Shortly after arriving in Michigan, the surrogate realized she couldn’t care for a special needs child and began searching for an adoptive family. The problem? At that point she had no legal authority to consent to the child’s adoption.  In fact, the laws in Connecticut, which presumably apply, favor the intended parents even if one or both did not provide the gametes for the child (allegedly the couple used an egg donor).  In Raftopol v. Ramey, 299 Conn. 681, 12 A.3d 783 (2011), the Connecticut Supreme Court held the state’s statutory law “allows an intended parent who is a party to a valid gestational surrogacy agreement to become a parent without first adopting the children.”  Assuming the contract was valid, the commissioning couple would be named the legal parents even if did not wish to rear the child.

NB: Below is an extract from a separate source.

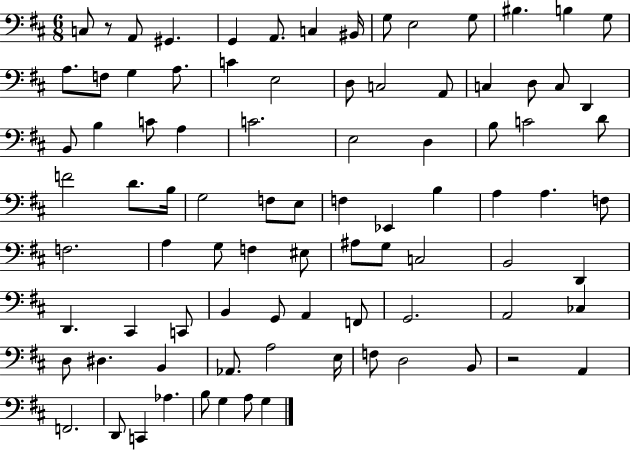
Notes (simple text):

C3/e R/e A2/e G#2/q. G2/q A2/e. C3/q BIS2/s G3/e E3/h G3/e BIS3/q. B3/q G3/e A3/e. F3/e G3/q A3/e. C4/q E3/h D3/e C3/h A2/e C3/q D3/e C3/e D2/q B2/e B3/q C4/e A3/q C4/h. E3/h D3/q B3/e C4/h D4/e F4/h D4/e. B3/s G3/h F3/e E3/e F3/q Eb2/q B3/q A3/q A3/q. F3/e F3/h. A3/q G3/e F3/q EIS3/e A#3/e G3/e C3/h B2/h D2/q D2/q. C#2/q C2/e B2/q G2/e A2/q F2/e G2/h. A2/h CES3/q D3/e D#3/q. B2/q Ab2/e. A3/h E3/s F3/e D3/h B2/e R/h A2/q F2/h. D2/e C2/q Ab3/q. B3/e G3/q A3/e G3/q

5. Your Surrogate Contacts the News Media to Share Her Story

In the end the child was adopted, with the father’s consent (why not the mother also? see 4 above), by a couple with special needs children of their own. I’ll leave to the reader’s judgment whether airing this dispute served anyone’s best interest – other than the myriad news organizations and blogs that have given it play. I suppose while the legal concepts are straightforward and well-worn, it is worth reminding ourselves that these familiar principles prove their durability and usefulness when they enable us to address new problems with a certain degree of confidence. Moreover, every surrogacy gone awry can teach us a thing – or five – to beware of in the future.